▶ **Problem details**
From the records below, copy out exactly the lines from the one containing "Englewood Oasis W/" to the one containing "Maya Rudolph feet photo thumbnail", both included. Add nothing else.

▶ **Available data**

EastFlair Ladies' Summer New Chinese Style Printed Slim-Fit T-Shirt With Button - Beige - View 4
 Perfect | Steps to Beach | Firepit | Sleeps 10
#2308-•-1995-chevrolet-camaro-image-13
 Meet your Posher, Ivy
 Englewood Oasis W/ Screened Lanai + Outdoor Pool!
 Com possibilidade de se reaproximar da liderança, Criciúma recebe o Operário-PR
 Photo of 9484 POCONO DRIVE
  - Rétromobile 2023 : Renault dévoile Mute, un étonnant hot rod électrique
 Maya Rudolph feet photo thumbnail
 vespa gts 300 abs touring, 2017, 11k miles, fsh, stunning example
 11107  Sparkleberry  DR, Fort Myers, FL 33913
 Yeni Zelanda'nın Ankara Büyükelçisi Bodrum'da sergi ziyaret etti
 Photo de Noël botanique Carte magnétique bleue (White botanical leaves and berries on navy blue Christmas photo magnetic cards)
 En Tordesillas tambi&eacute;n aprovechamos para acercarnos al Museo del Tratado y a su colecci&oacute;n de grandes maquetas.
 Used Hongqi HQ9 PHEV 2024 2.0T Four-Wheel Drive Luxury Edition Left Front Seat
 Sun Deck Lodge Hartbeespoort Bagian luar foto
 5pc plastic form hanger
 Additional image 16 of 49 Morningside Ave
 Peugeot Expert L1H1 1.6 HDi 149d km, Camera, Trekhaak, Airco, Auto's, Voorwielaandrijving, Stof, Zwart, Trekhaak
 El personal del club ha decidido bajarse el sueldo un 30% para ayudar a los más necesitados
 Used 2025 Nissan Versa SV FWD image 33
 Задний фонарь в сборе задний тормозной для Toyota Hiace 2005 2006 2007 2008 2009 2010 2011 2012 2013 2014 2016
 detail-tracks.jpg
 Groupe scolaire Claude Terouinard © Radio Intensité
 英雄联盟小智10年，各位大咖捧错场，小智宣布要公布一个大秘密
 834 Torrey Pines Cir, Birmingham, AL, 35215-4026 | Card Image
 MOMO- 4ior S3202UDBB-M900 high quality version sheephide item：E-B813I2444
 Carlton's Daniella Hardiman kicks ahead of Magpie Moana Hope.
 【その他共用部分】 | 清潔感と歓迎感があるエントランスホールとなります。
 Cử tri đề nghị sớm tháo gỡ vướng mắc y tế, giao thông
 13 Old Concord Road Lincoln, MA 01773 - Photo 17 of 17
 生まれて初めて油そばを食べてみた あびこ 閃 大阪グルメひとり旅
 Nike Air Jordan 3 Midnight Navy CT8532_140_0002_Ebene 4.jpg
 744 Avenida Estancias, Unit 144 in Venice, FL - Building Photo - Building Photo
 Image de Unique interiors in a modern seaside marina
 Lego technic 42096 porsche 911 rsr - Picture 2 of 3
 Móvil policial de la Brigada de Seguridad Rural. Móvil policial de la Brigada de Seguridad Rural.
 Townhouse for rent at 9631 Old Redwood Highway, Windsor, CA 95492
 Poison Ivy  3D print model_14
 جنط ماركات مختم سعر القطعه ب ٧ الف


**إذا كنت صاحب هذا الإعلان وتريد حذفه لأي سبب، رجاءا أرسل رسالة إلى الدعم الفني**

▶ **Exercise solution**
 Englewood Oasis W/ Screened Lanai + Outdoor Pool!
 Com possibilidade de se reaproximar da liderança, Criciúma recebe o Operário-PR
 Photo of 9484 POCONO DRIVE
  - Rétromobile 2023 : Renault dévoile Mute, un étonnant hot rod électrique
 Maya Rudolph feet photo thumbnail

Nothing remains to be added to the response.